Task requirements: Each record below needs to be reproduced precisely, though not its pictures.

Exercise inputs:
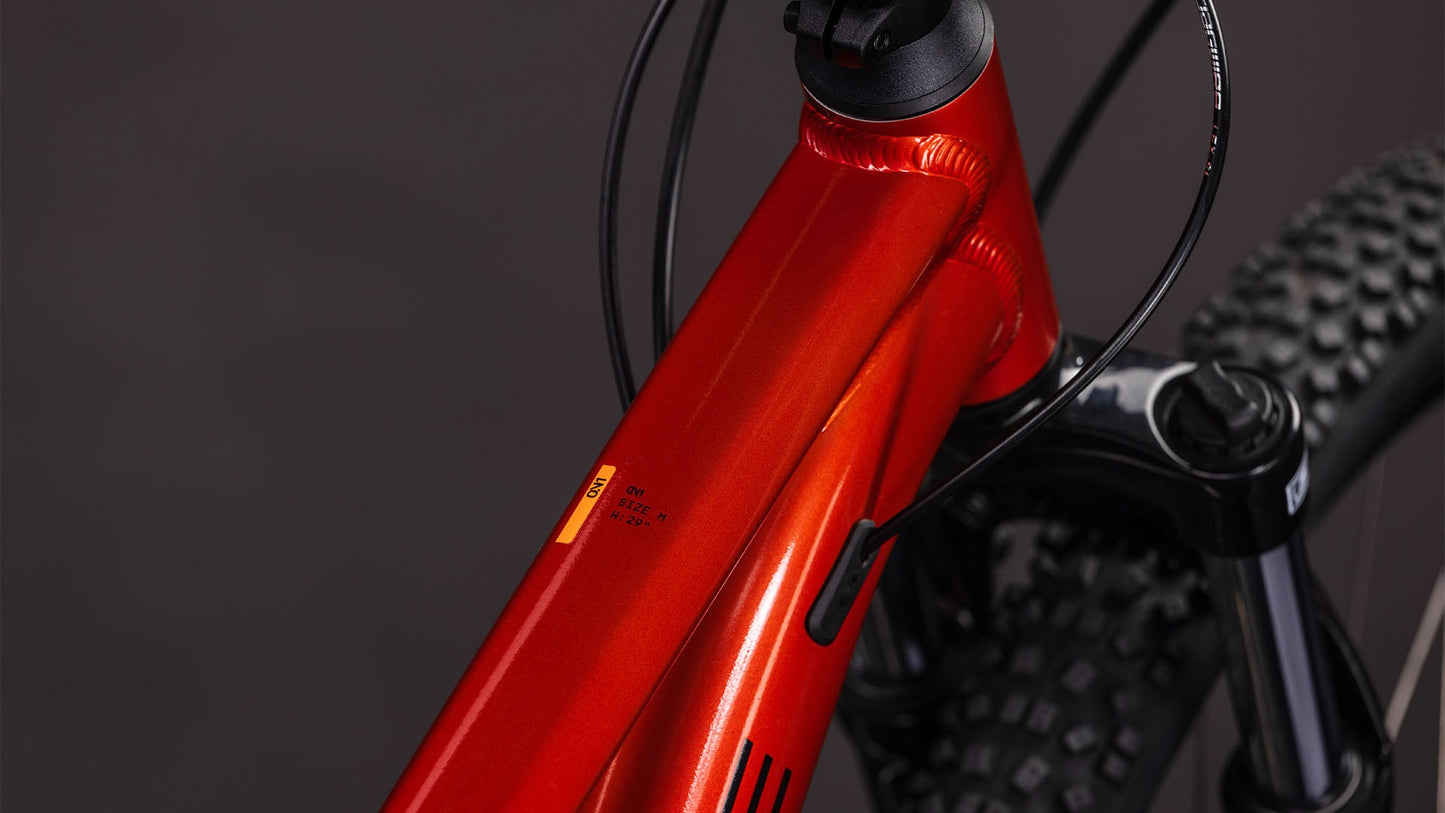 Bicicleta de montaña CUBE Aim ONE 2026 sundowner & black lista para trail riding
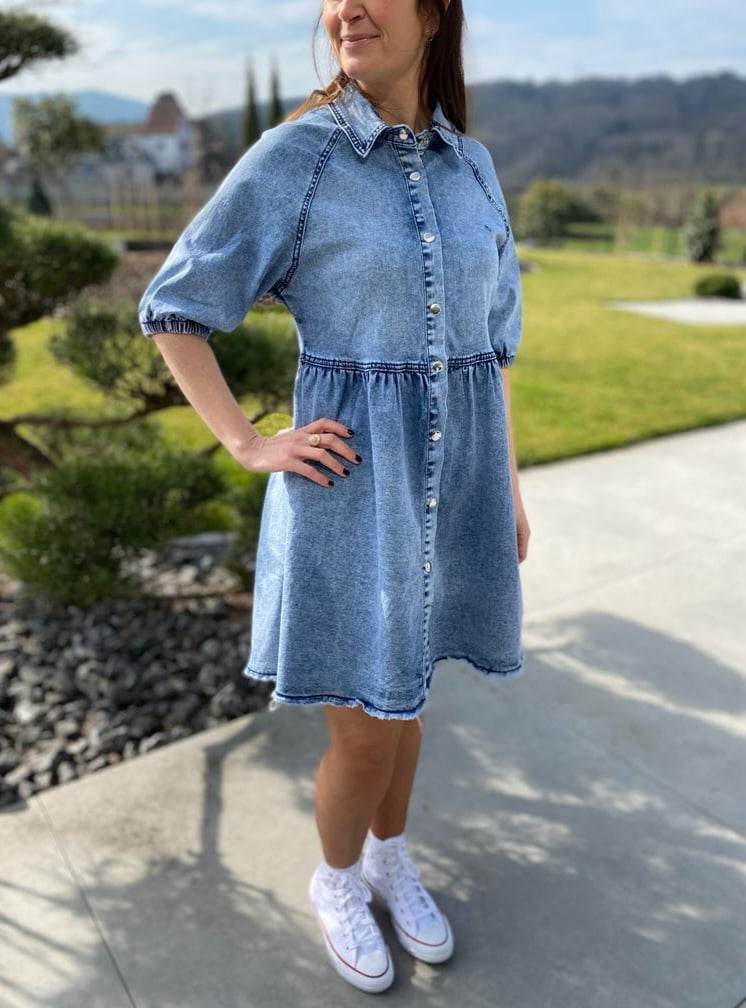 Robe courte en jean avec boutons à l'avant Laure - FEMME/ROBES - Mes Petits  Bonheurs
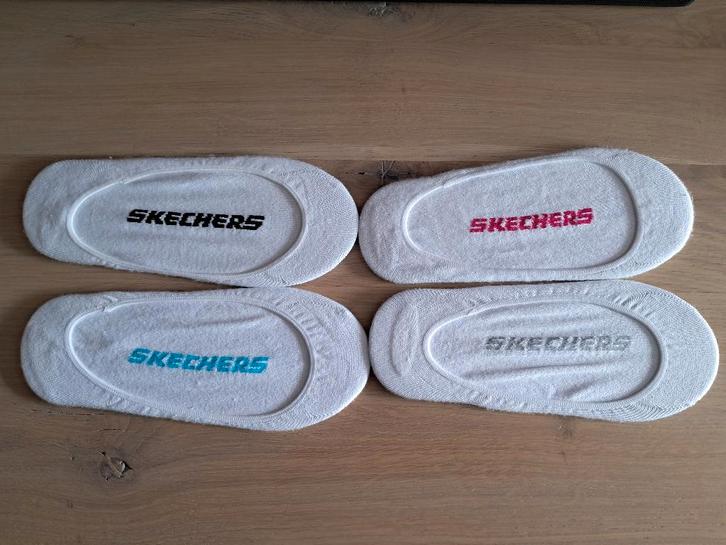 Vier paar witte Skechers super soft sneaker sokken (nieuw), Kleding | Dames, Sokken en Kousen, Nieuw, Kousenvoetjes en Kniekousjes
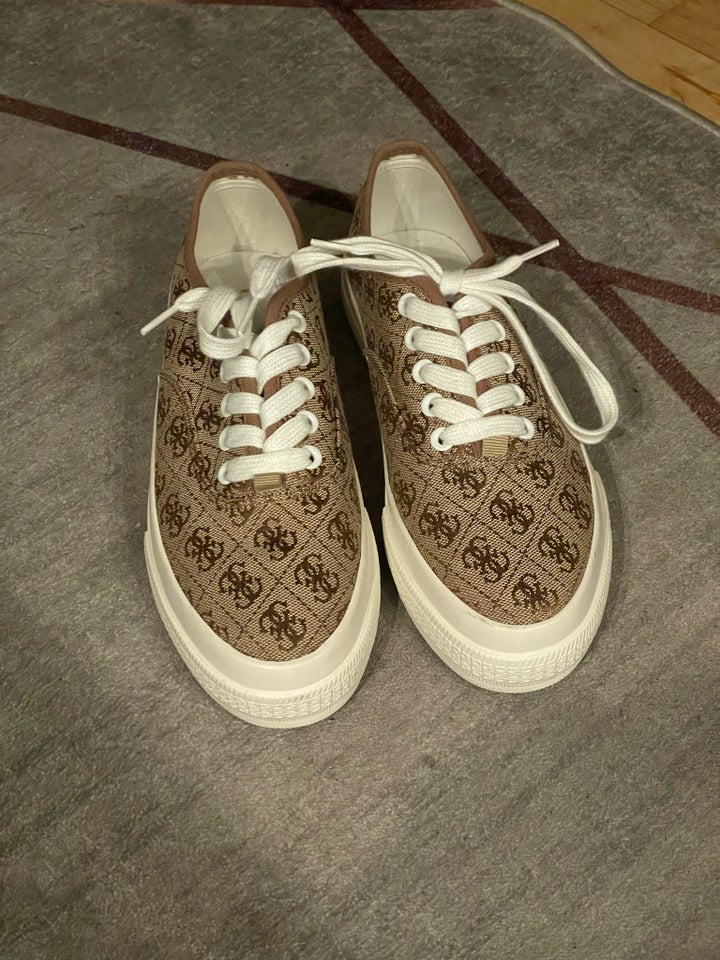 Sneakers, str. 37, Guess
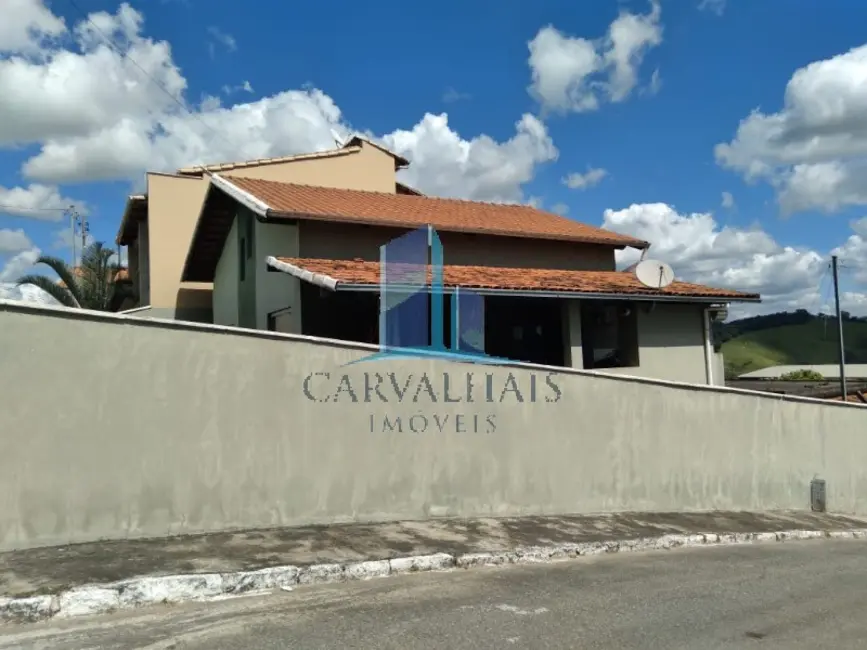 Foto 9 de Casa com 2 quartos à venda, 100m2 em Crucilandia - MG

Your solution:
 Bicicleta de montaña CUBE Aim ONE 2026 sundowner & black lista para trail riding
 Robe courte en jean avec boutons à l'avant Laure - FEMME/ROBES - Mes Petits  Bonheurs
 Vier paar witte Skechers super soft sneaker sokken (nieuw), Kleding | Dames, Sokken en Kousen, Nieuw, Kousenvoetjes en Kniekousjes
 Sneakers, str. 37, Guess
 Foto 9 de Casa com 2 quartos à venda, 100m2 em Crucilandia - MG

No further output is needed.